## [GIVEN INFORMATION]
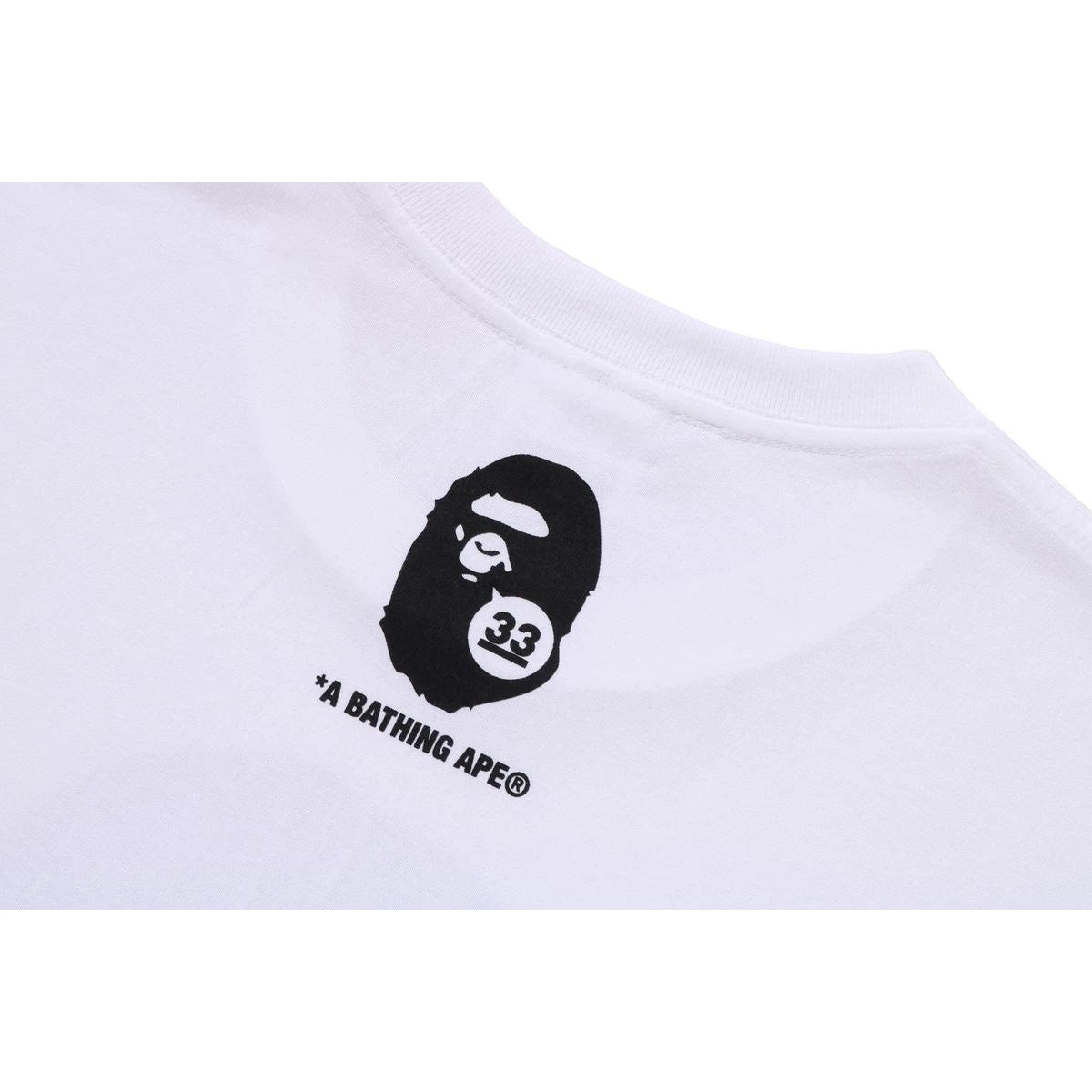 BAPE A BATHING APE 33RD ANNIV. APE HEAD TEE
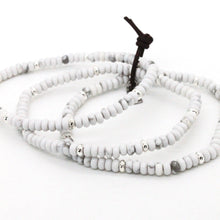Load image into Gallery viewer, Howlite + Silver Bracelet Bundle
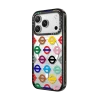 Tube Line Roundels Pattern Phone Case - Rainbow Edition｜手機殼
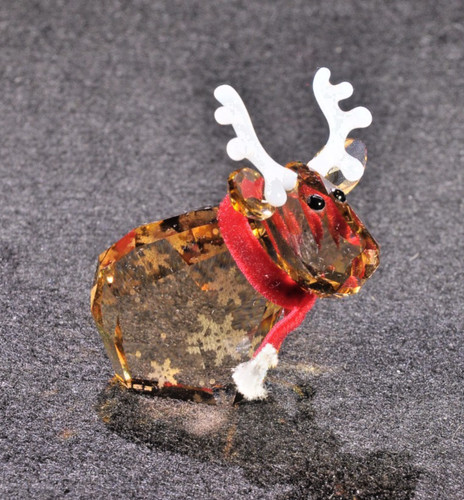 Swarovski crystal reindeer - crystal, mo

## [PROBLEM REQUIREMENTS]
Your answer must be the full listing, reproduced word for word, without its pictures.

## [EXERCISE ANSWER]
 BAPE A BATHING APE 33RD ANNIV. APE HEAD TEE
Load image into Gallery viewer, Howlite + Silver Bracelet Bundle
 Tube Line Roundels Pattern Phone Case - Rainbow Edition｜手機殼
 Swarovski crystal reindeer - crystal, mo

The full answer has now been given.